DATA FOR ANALYSIS:
=== Begin Enclosure ===

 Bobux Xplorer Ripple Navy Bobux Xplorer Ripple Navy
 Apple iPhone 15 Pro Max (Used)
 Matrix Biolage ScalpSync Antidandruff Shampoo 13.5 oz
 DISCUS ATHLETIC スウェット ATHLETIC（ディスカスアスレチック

=== End Enclosure ===
=== Begin Enclosure ===

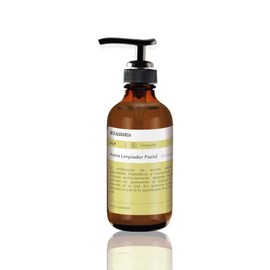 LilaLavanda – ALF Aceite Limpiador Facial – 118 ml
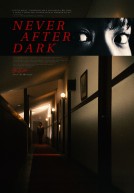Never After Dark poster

=== End Enclosure ===

EXERCISE OBJECTIVE:
Retype word for word everything in the listing above from the line that holds "Bobux Xplorer Ripple Navy Bobux" down to the line that holds "DISCUS ATHLETIC スウェット ATHLETIC（ディスカスアスレチック". Keep both end lines and leave out the rest.

FINISHED TASK:
 Bobux Xplorer Ripple Navy Bobux Xplorer Ripple Navy
 Apple iPhone 15 Pro Max (Used)
 Matrix Biolage ScalpSync Antidandruff Shampoo 13.5 oz
 DISCUS ATHLETIC スウェット ATHLETIC（ディスカスアスレチック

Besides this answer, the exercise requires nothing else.